Het CVI is geaccrediteerd door de Raad voor Accreditatie (RvA) in Utrecht. Jan van der Poel is algemeen directeur van de RvA.
Waarom worden laboratoria geaccrediteerd?
„Door accreditatie laat een laboratorium zien dat het deskundig is, goede methodes gebruikt en goede apparatuur heeft. Het is ook een garantie dat het laboratorium onafhankelijk is en dat de betrouwbaarheid van testuitslagen is geborgd. Accreditatie is niet voor elk laboratorium verplicht, maar in sommige vallen is het wettelijk vereist. Denk bijvoorbeeld aan laboratoria die drinkwater controleren, dat moet aan wettelijke normen voldoen.”
Hoe beoordeelt u de laboratoria?
„Wij doen dat aan de hand van een internationale standaard, de zogeheten ISO/IEC 17025. Een accreditatie is vier jaar geldig. We gaan in principe elk jaar langs voor een beoordeling.”
Als een laboratorium steken laat vallen, heeft dat dan gevolgen?
„Als het niet om zaken gaat waardoor de juistheid van de testuitslagen in het geding komt, krijgt het de kans om zich te beteren. Daar geven we in principe drie maanden tijd voor. Dat kan ook korter zijn, afhankelijk van de ernst van de afwijking. Heeft een laboratorium de zaak niet op tijd weer in orde, dan kan de accreditatie geschorst worden. Dat is een zwaar middel, want het laboratorium kan dan zijn werk niet meer doen. Als er twijfel is over de testuitslagen, dan moet het zijn klanten met terugwerkende kracht informeren dat de uitslagen mogelijk onjuist zijn geweest. Maar dat komt zelden voor.”

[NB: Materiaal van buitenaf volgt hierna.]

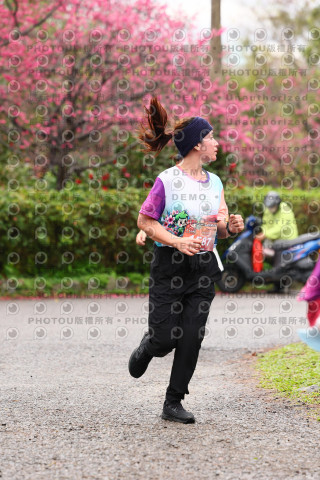 2026左岸竹東櫻花馬拉松Zhudong Sakura Marathon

Hoe lang duurt zo’n schorsing?
„Een schorsing is tijdelijk en duurt in principe zes maanden. Zij kan eerder opgeheven worden als we zien dat alles weer in orde is. Als de gebreken na een jaar nog niet zijn opgelost, dan trekken we de accreditatie in. In de praktijk komt dat nooit voor: een laboratorium is dan meestal al gesloten bij gebrek aan opdrachtgevers.”
Hebben fouten van een laboratorium gevolgen voor de betrouwbaarheid van de uitgevoerde onderzoeken?
„Dat kan, maar zo’n situatie komt het minst voor. Meestal is er een tijdelijk probleem met de borging van controles, van de systematiek. Dat hoeft niet direct gevolg te hebben voor de uitslagen van testen. Maar daar moet een laboratorium wel direct naar kijken. Als er kans is dat foute resultaten zijn gerapporteerd, dan is het verplicht om de klanten in te lichten.”
Speelt de RvA nog enige rol in de MKZ-procedure? Heeft het CBb u bijvoorbeeld om advies gevraagd?
„In het verre verleden, ik denk zo’n tien jaar terug, zijn er mensen bij ons langs geweest. Recent is dat bij mijn weten niet gebeurd.”
Is ID-Lelystad, thans CVI, ooit geschorst geweest?
„Dat kan ik me niet herinneren. Meestal weet ik het nog wel als zoiets gebeurd is. We bewaren een accreditatiedossier, na afloop van de vier jaar dat de accreditatie geldig is, in principe nog één periode van vier jaar in ons archief. Daarna wordt het vernietigd.”